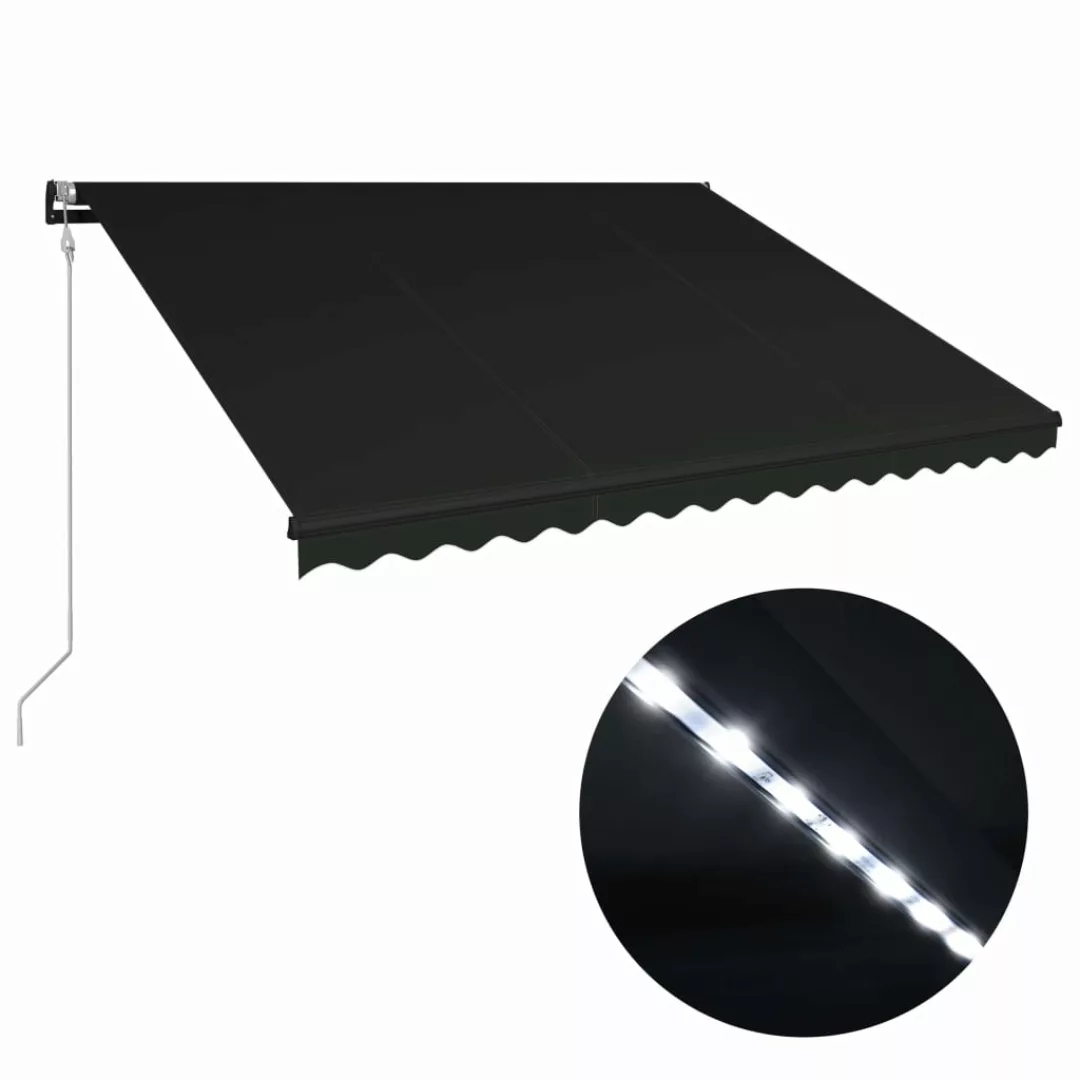 Einziehbare Markise Mit Windsensor & Led 400x300cm Anthrazit günstig online kaufen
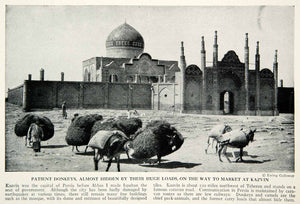 1938 Print Qazvin Iran Architecture Donkeys Marketplace Historical Image XGGD4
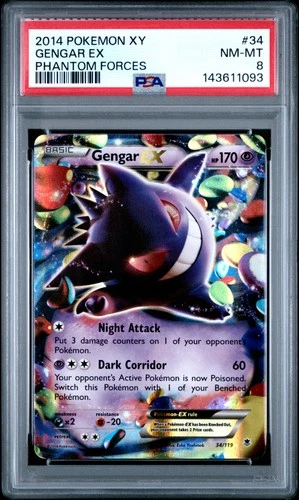 2014 POKEMON XY PHANTOM FORCES #34 GENGAR EX PSA 8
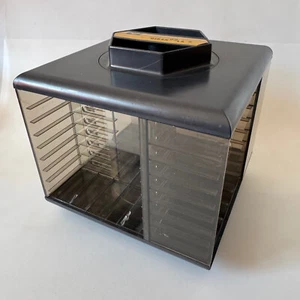 MP Girandola Cassette Rotating Carousel Clear Plastic Holds 32/20 Tapes Storage - Picture 1 of 16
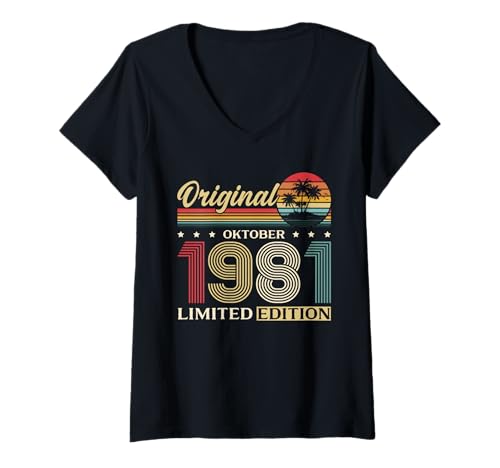 Damen 44. Geburtstag Mann Geschenk Original Oktober 1981 T-Shirt mit V-Ausschnitt Damen 44. Geburtstag Mann Geschenk Original Oktober 1981 T-Shirt mit V-Ausschnitt von 44. Geburtstag Geschenk Original Oktober 1981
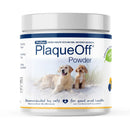 ProDen PlaqueOff Powder container with images of dogs on a white background
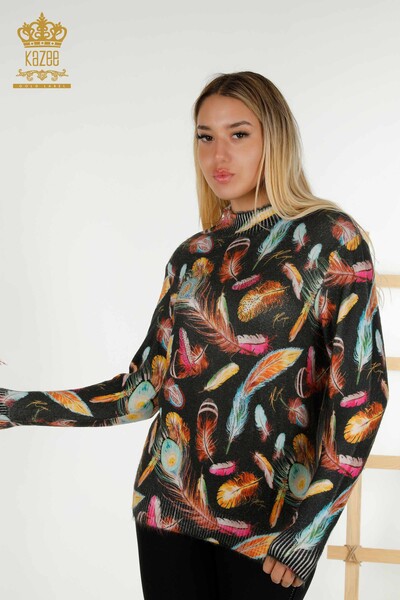 Wholesale Women's Knitwear Sweater Digital Print Black - 16970 | KAZEE - 1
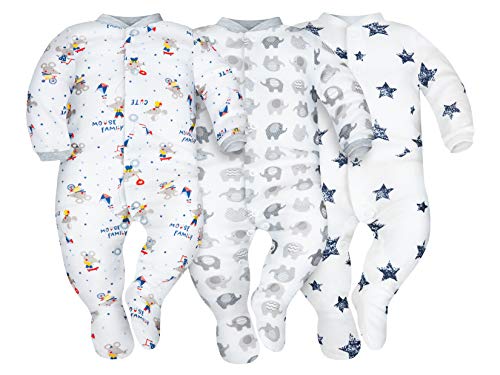 Sibinulo Niño Niña Pijama Bebé Pelele de Algodón Pack de 3 Estrellas, Elefantes Grises y Ratones 68(3-6 Meses)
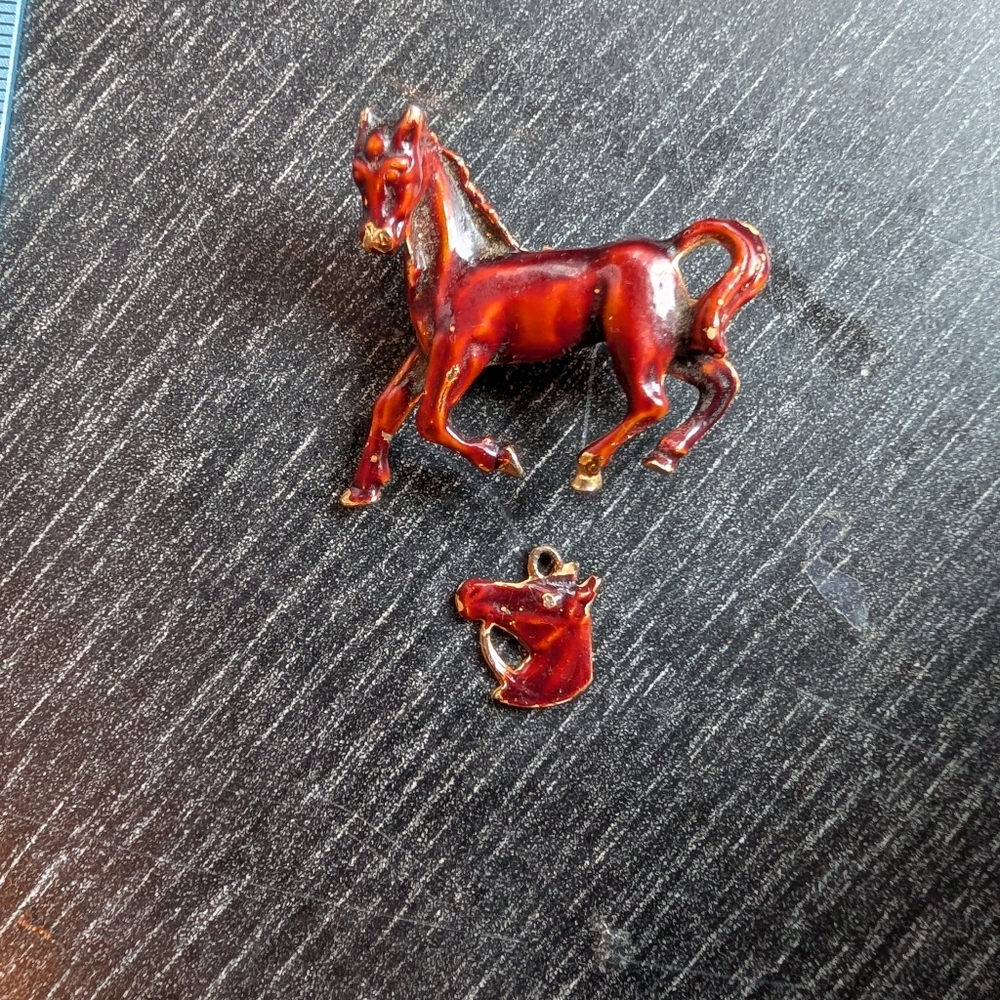 Vintage enamel Horse Brooch and Pendant Set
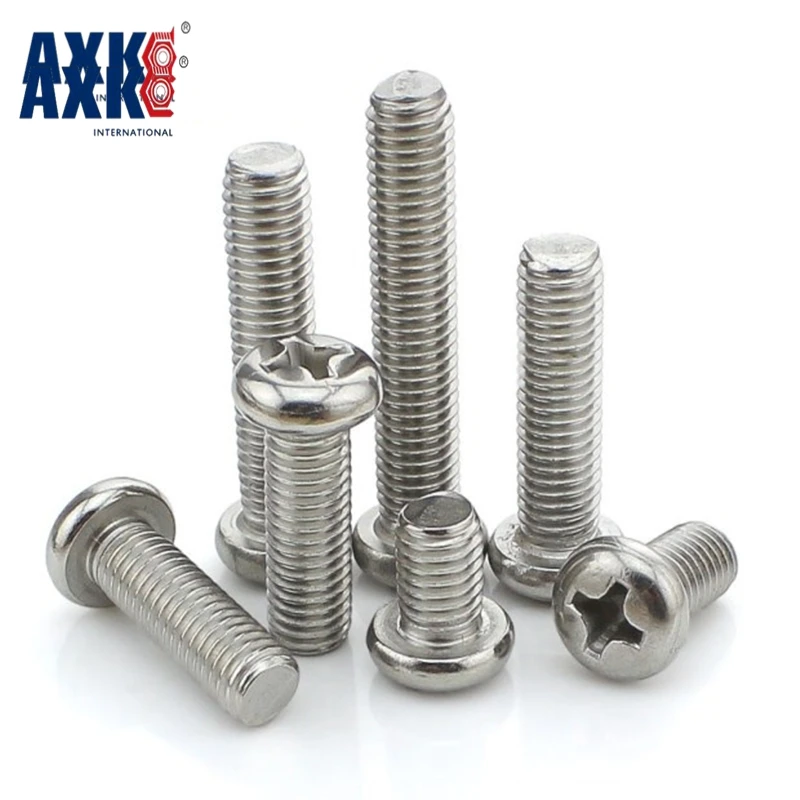 AXK 50Pcs M2 M2.5 M3 M4 ISO7045 DIN7985 GB818 Stainless Steel Cross Recessed Pan Head Screws Phillips Bolts | Обустройство дома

....

- EXERCISE: Return the material exactly as given above, picture-free.

- EXPECTED OUTPUT:
 Einziehbare Markise Mit Windsensor & Led 400x300cm Anthrazit günstig online kaufen
 1938 Print Qazvin Iran Architecture Donkeys Marketplace Historical Image XGGD4
 2014 POKEMON XY PHANTOM FORCES #34 GENGAR EX PSA 8
 MP Girandola Cassette Rotating Carousel Clear Plastic Holds 32/20 Tapes Storage - Picture 1 of 16
 Damen 44. Geburtstag Mann Geschenk Original Oktober 1981 T-Shirt mit V-Ausschnitt Damen 44. Geburtstag Mann Geschenk Original Oktober 1981 T-Shirt mit V-Ausschnitt von 44. Geburtstag Geschenk Original Oktober 1981
 ProDen PlaqueOff Powder container with images of dogs on a white background
 Wholesale Women's Knitwear Sweater Digital Print Black - 16970 | KAZEE - 1
 Sibinulo Niño Niña Pijama Bebé Pelele de Algodón Pack de 3 Estrellas, Elefantes Grises y Ratones 68(3-6 Meses)
 Vintage enamel Horse Brooch and Pendant Set
 AXK 50Pcs M2 M2.5 M3 M4 ISO7045 DIN7985 GB818 Stainless Steel Cross Recessed Pan Head Screws Phillips Bolts | Обустройство дома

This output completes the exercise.